Task prompt. What lines in the records below include the word "this"? Return each one.

Stored items:
Content starts
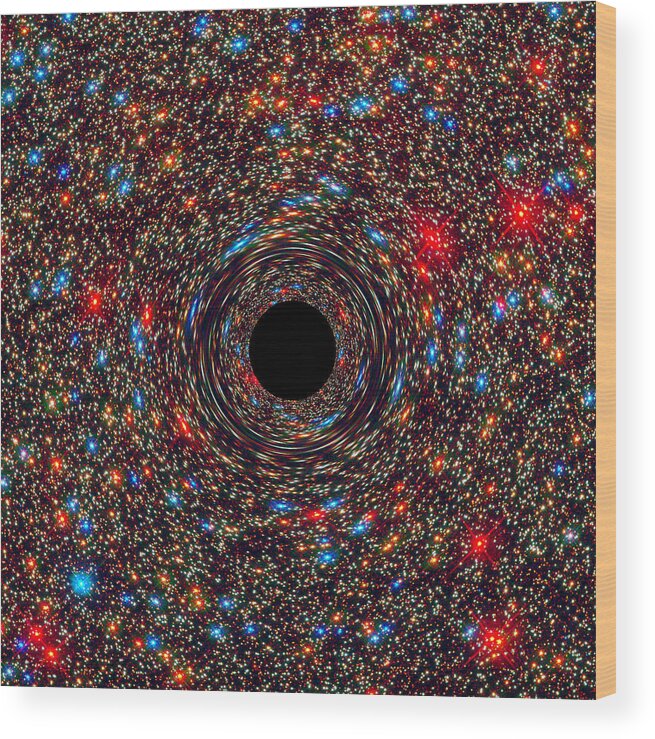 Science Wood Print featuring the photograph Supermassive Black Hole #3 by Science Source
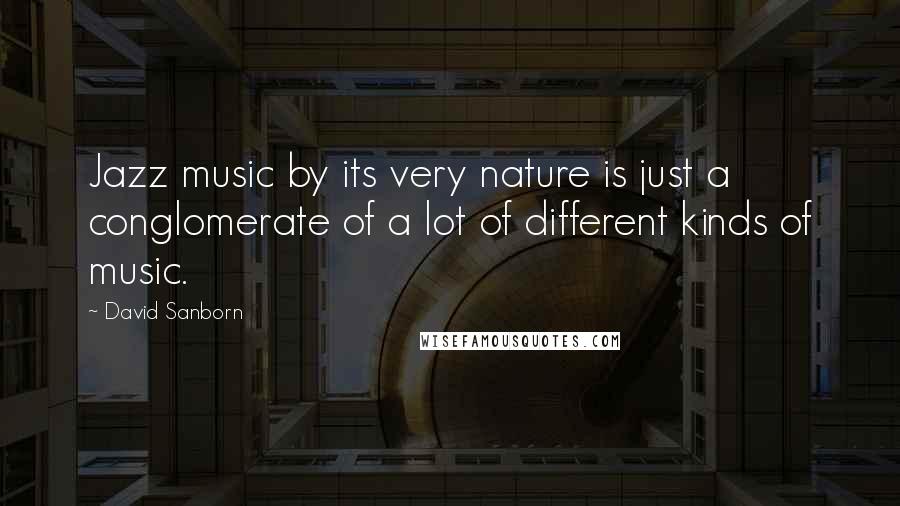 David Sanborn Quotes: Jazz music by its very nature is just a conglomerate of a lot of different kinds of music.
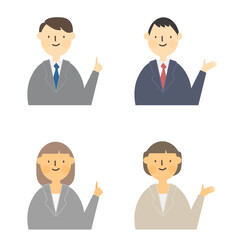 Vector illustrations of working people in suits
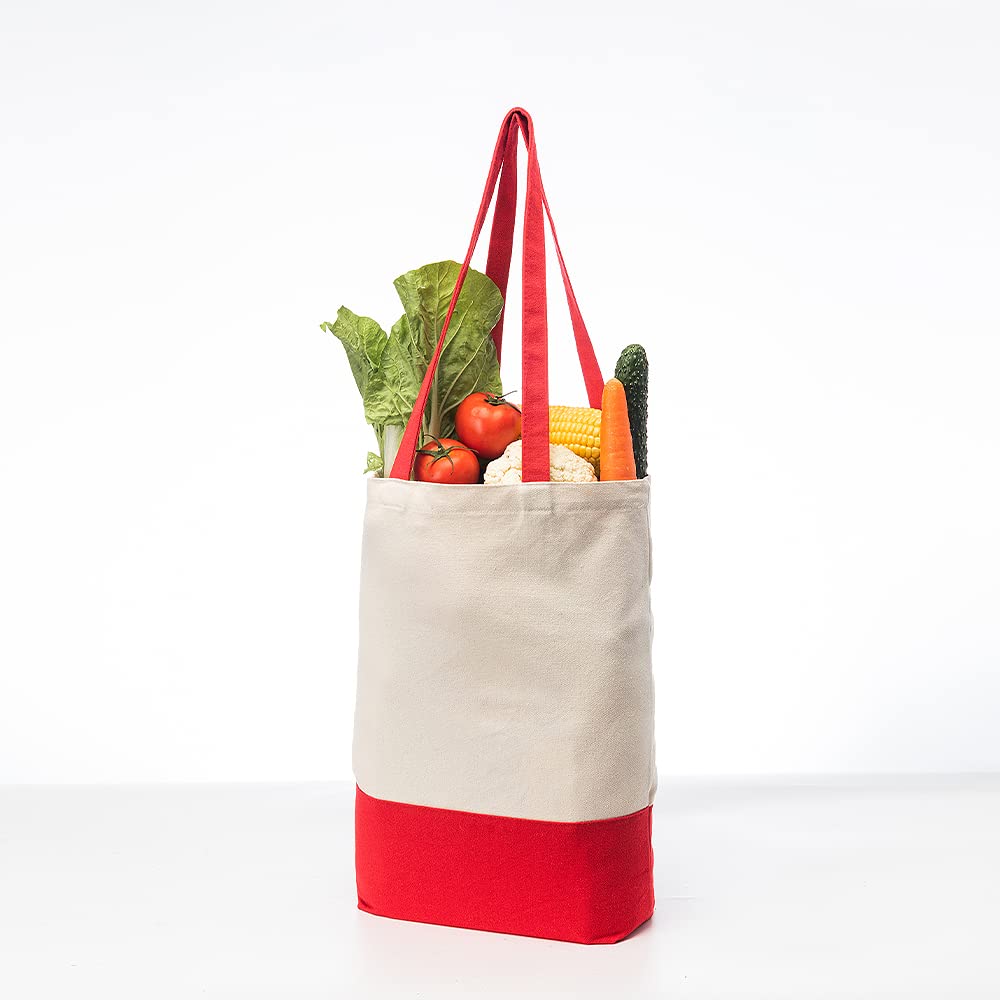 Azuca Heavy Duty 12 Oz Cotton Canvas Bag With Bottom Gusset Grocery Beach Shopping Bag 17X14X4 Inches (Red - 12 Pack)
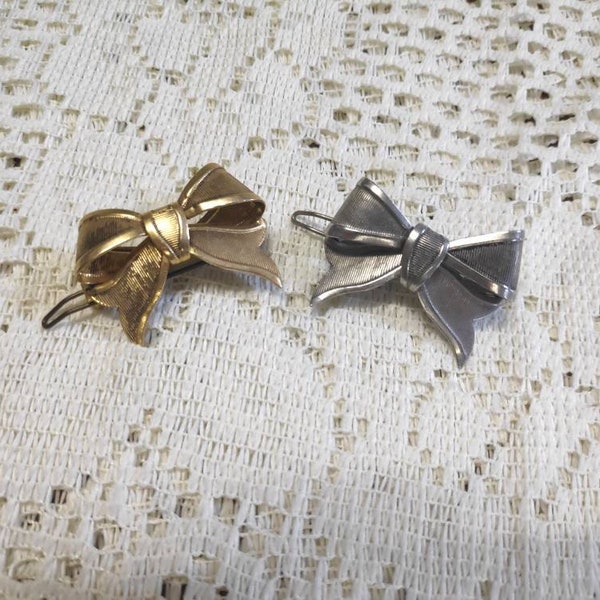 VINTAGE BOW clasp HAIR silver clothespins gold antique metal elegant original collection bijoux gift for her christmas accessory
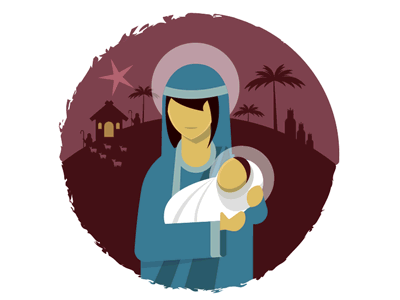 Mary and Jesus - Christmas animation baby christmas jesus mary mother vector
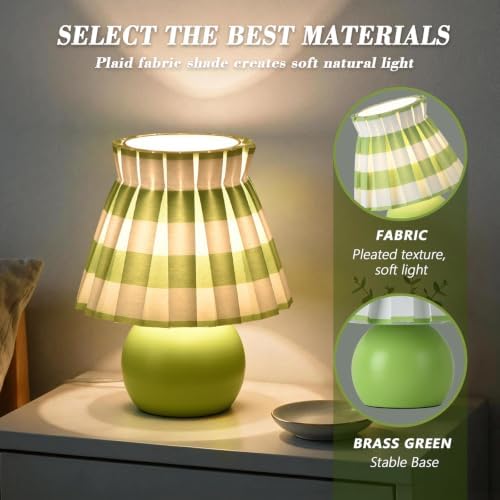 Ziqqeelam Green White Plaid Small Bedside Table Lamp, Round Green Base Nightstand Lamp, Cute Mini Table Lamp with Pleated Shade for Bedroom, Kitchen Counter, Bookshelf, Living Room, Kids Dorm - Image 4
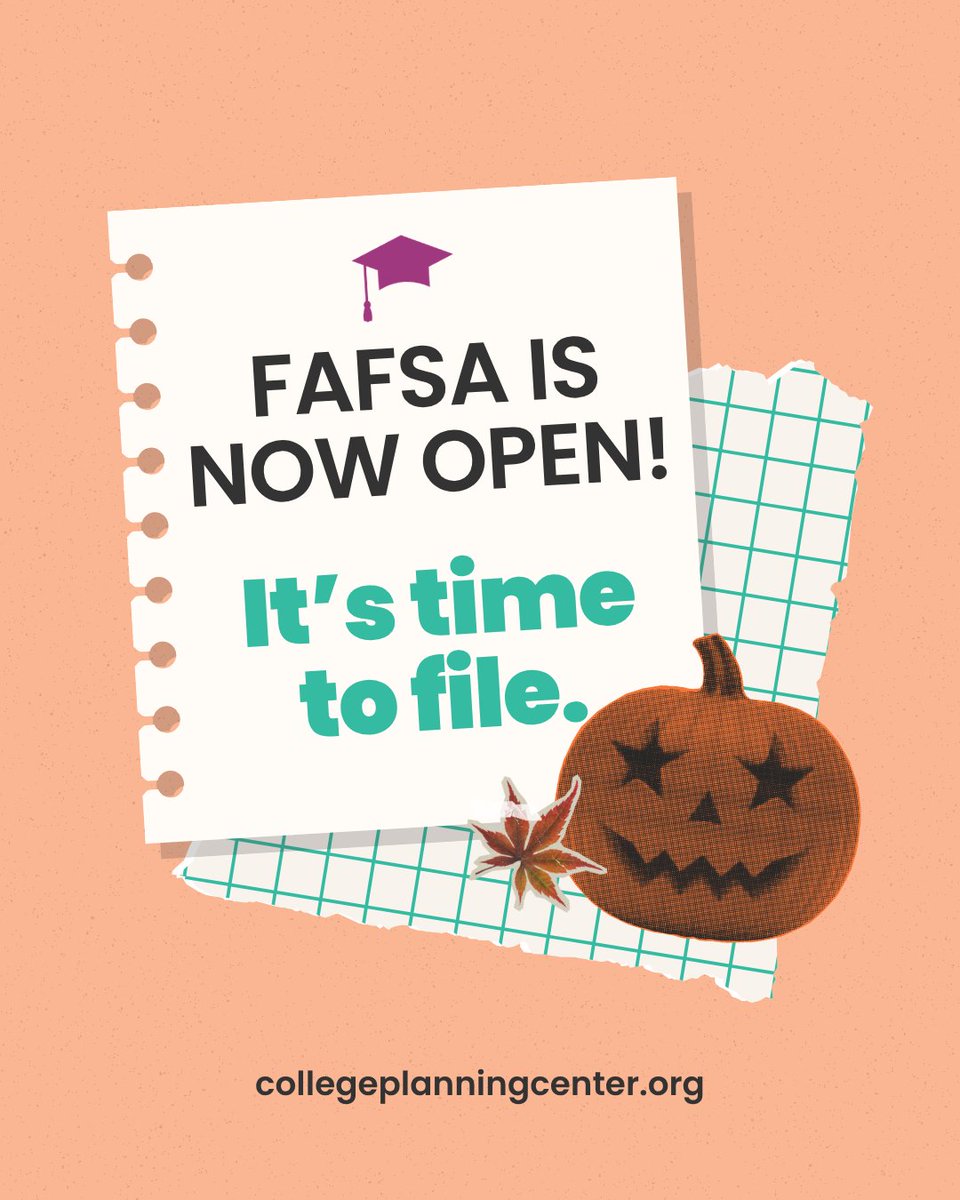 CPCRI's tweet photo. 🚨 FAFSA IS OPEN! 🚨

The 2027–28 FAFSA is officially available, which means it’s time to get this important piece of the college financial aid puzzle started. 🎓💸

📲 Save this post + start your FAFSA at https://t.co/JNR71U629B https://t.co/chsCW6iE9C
Content ends
Answer to the exercise.
The 2027–28 FAFSA is officially available, which means it’s time to get this important piece of the college financial aid puzzle started. 🎓💸
📲 Save this post + start your FAFSA at https://t.co/JNR71U629B https://t.co/chsCW6iE9C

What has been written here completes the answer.